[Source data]
▼▼▼

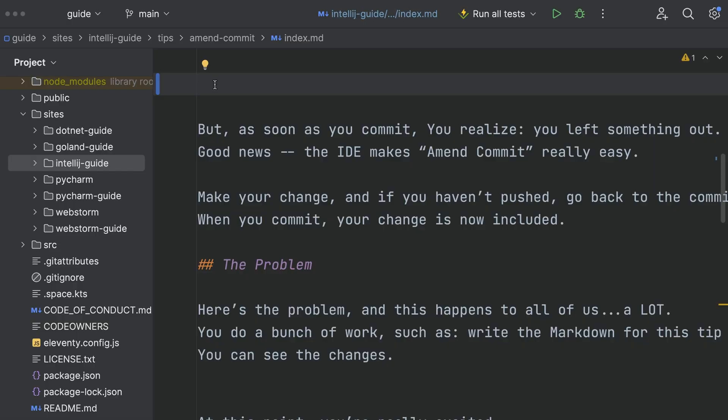How do I find stuff without memorizing a bunch of stuff? You're editing something, you want to jump to something in your project. The IDE has so many options, what's the fastest way?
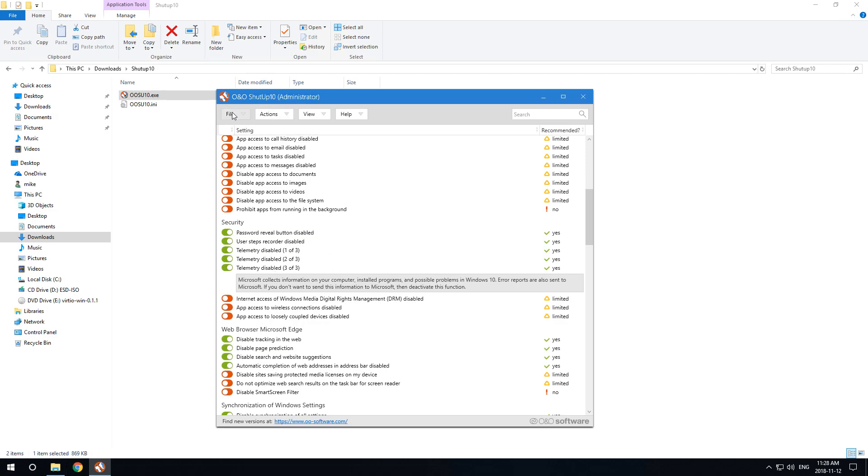So just a little overview on this wonderful program from O&O Software called Shut Up 10 and how you can shut up your Windows 10 today. Cheers.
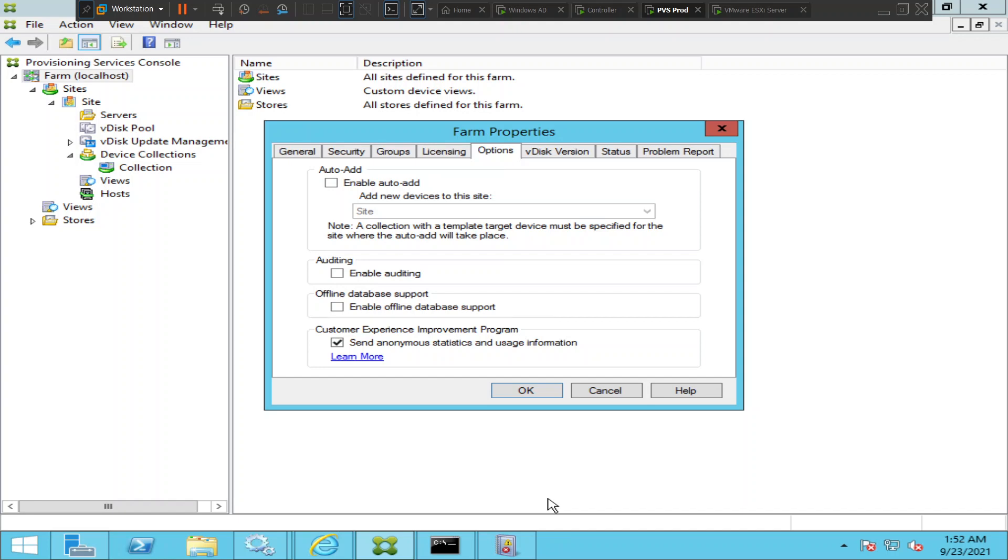At any point in time when the SQL servers or the database servers go offline, this enable offline database support would come into the picture and the stream service would use the snapshot to gather the information of the PVS servers and target devices in the network. This is how the communication still continues when the database goes offline.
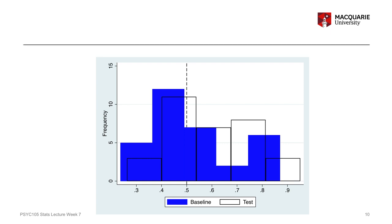In the histogram, the blue bars represent the baseline condition and the clear bars represent the test condition. In both conditions there's quite a range of scores — exactly what we'd expect in a psychology experiment, since babies differ in their looking behavior. What we can get a sense of from the graph is that, on average, the test condition scores are shifted slightly to the right compared to the baseline, suggesting higher proportions of gaze toward the familiar-song adult.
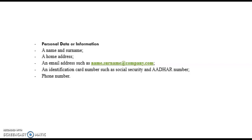It includes a name and surname, a home address, an email address such as name.surname@company.com, an identification card number such as social security number and Aadhaar number. Social security number is similar to Aadhaar and is basically used in USA. Apart from social security and Aadhaar number, phone number is also considered personal data.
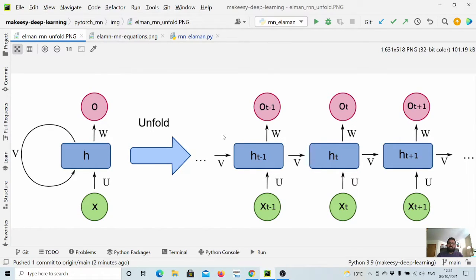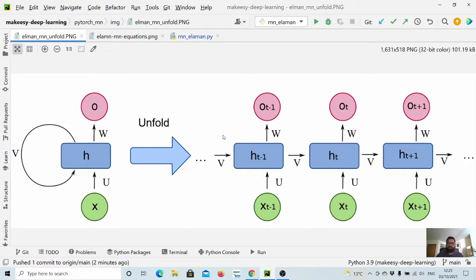Hey guys, welcome back to the channel. This is a new tutorial on PyTorch. In previous videos we covered loss functions and optimizers, and also how we can train our full pipeline in PyTorch. If you haven't seen those, check them out — they are quite useful. In this video we will start learning a bit more about other layers like RNN and CNN.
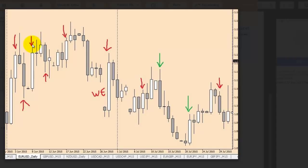This candlestick body is bigger than the previous bar, but inside the previous high and low. This candlestick body is bigger than the previous bar, but the close price is inside the previous high and low. This candlestick body is bigger than the previous bar and outside the previous high and low.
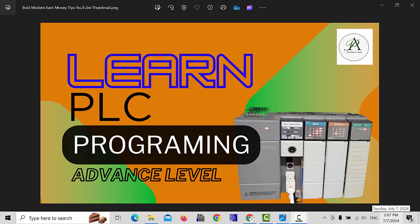Hello friends! Welcome back to my channel. In this lesson we will learn about greater than or equal command in Allen Bradley PLC. But before we start this lesson, please like, share and subscribe to my channel. This way you will never miss my upcoming videos.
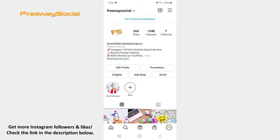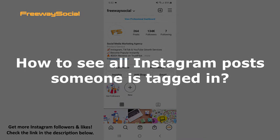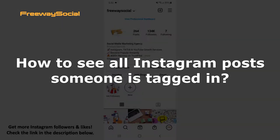Hey, guys! This is Maria from FreewaySocial.com and in this video I will show you how to see all Instagram posts someone is tagged in.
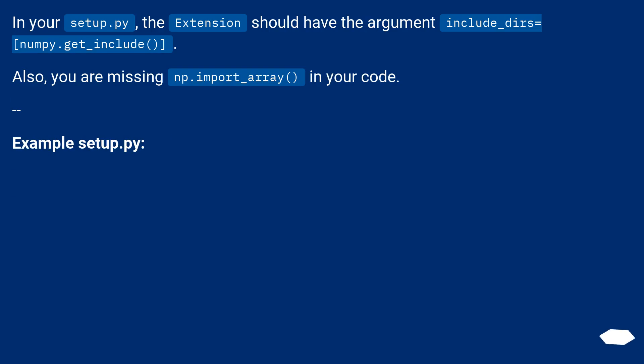In your setup.py, the extension should have the argument include_dirs=[numpy.get_include()]. Also, you are missing np.import_array() in your code. Example setup.py:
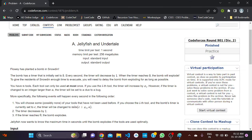Hello everyone, welcome to the Developers and Coders Club of NIT Agartala. Today we are going to solve Codeforces Round 901 Division 2, first problem: Jellyfish and Undertale.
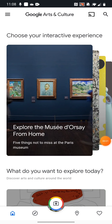Hi there, Year 3. Mr. Yates here with a bit of an app tutorial for you. It's an app that I've shown you before — we had a look at this in lockdown one. You might have had a chance to have a proper look at it. It's called Google Arts and Culture. It's absolutely free on the App Store for Android or iOS devices.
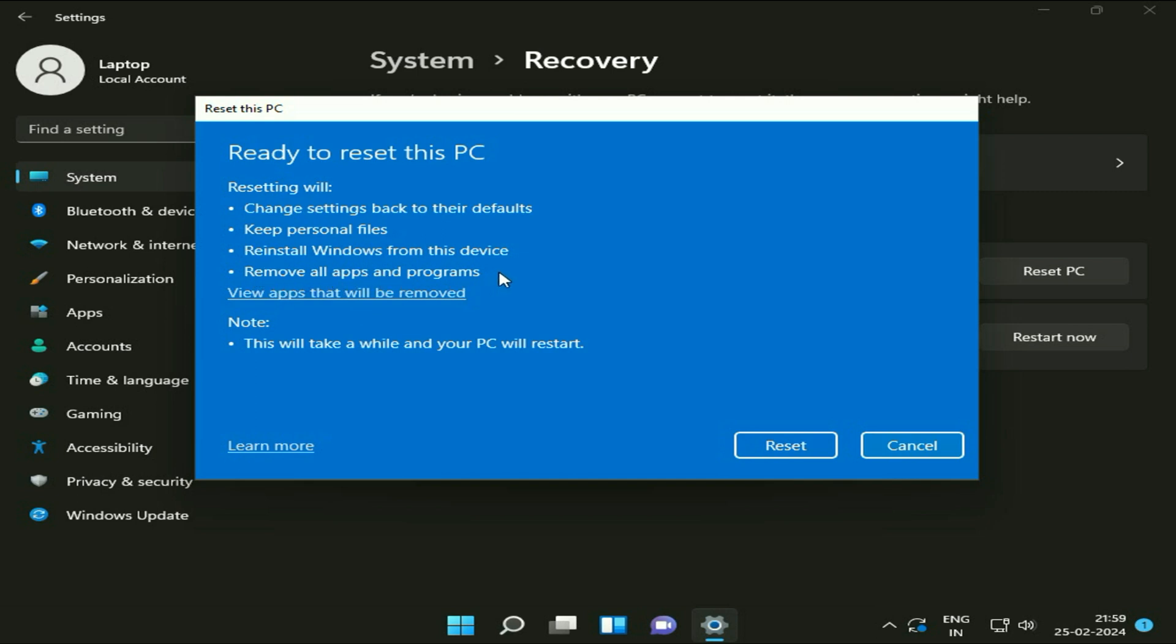The only drawback in this method is your software, your apps will be removed, but your personal data will remain safe. After that, click on reset and this will take around 30 minutes to complete.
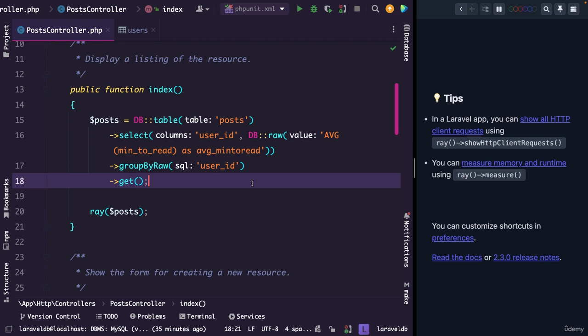Let's talk about a topic in Laravel which is in my opinion very overlooked, which is full text indexes. Full text indexes are useful when you need to efficiently search for words or phrases in a text column. They can be especially helpful in applications that involve searching through large amounts of text, such as a blog or maybe a search engine.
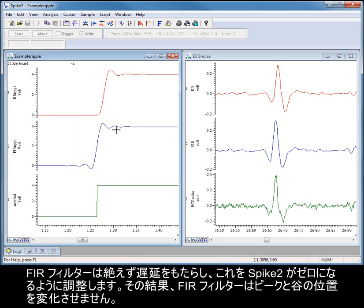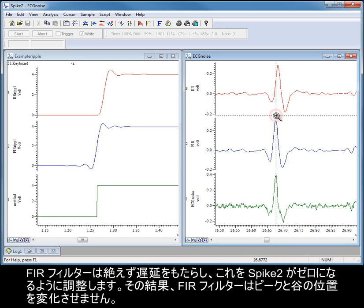FIR filters introduce a constant delay, which Spike2 arranges to be zero. Consequently, FIR filters do not shift peak and trough positions.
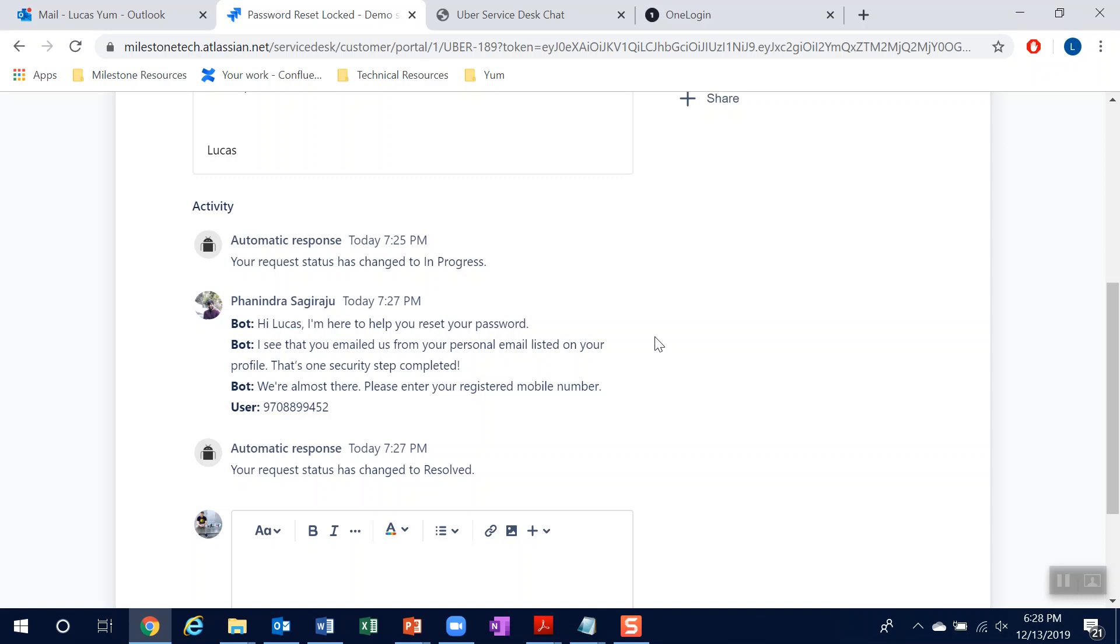And with that being said, let's jump into the next scenario where we break the bot and then escalate the incident to a live agent.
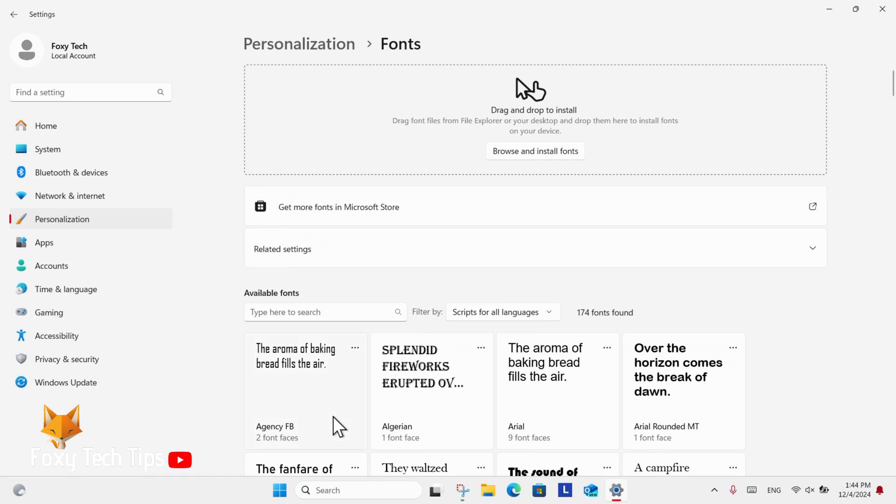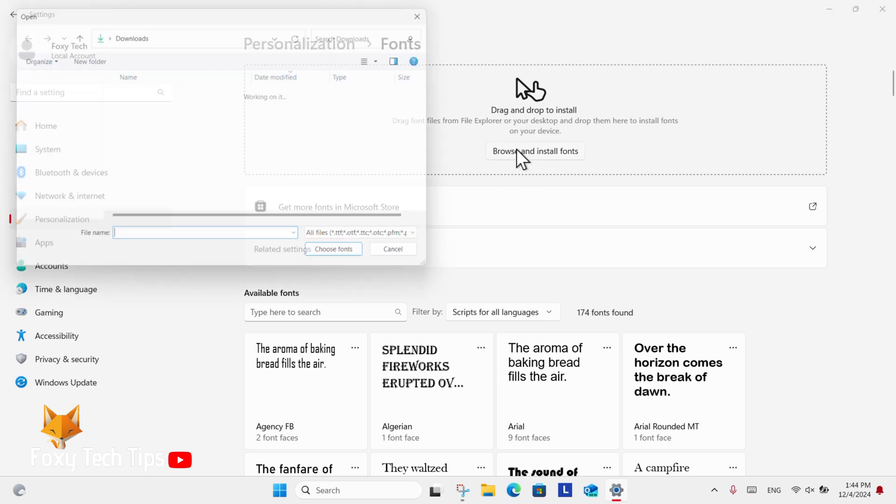Here on the Fonts page, you can install new fonts. If you already have a font downloaded, select the Browse and Install Fonts button. You can then locate the folder where the font is located and select it to install it.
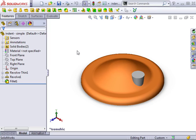The indent feature allows you to change the shape of a solid body by using another solid body. The solid body that is changed is called the target body. The solid body that causes the change is called the tool body.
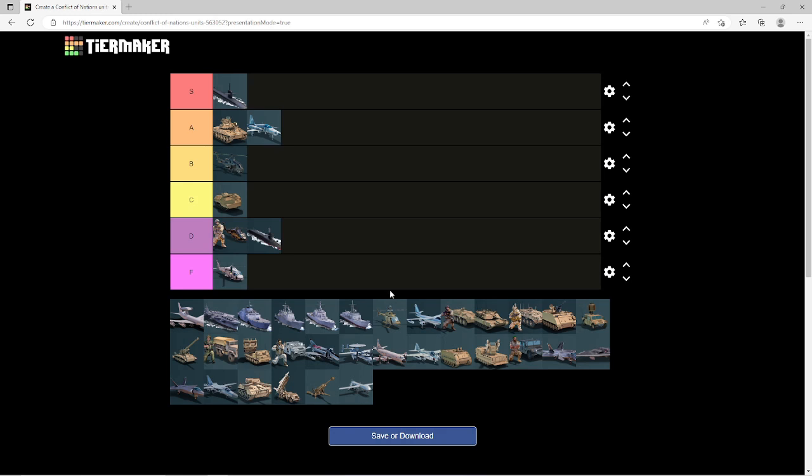The next unit I'm going to be covering is an interesting one. It's going to be the regular land-based AWACS. A lot of people don't like this, including some of my friends who have been playing the game for a long time. And I usually like to tell them otherwise because the AWACS is very useful in its own way.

▲▲▲

TASK DETAILS:
Within the entries above, the lines from the one with "FIR filters introduce" through the final line are to be printed exactly, with the pictures removed.

WRITTEN SOLUTION:
FIR filters introduce a constant delay, which Spike2 arranges to be zero. Consequently, FIR filters do not shift peak and trough positions.
And with that being said, let's jump into the next scenario where we break the bot and then escalate the incident to a live agent.
Here on the Fonts page, you can install new fonts. If you already have a font downloaded, select the Browse and Install Fonts button. You can then locate the folder where the font is located and select it to install it.
The indent feature allows you to change the shape of a solid body by using another solid body. The solid body that is changed is called the target body. The solid body that causes the change is called the tool body.
The next unit I'm going to be covering is an interesting one. It's going to be the regular land-based AWACS. A lot of people don't like this, including some of my friends who have been playing the game for a long time. And I usually like to tell them otherwise because the AWACS is very useful in its own way.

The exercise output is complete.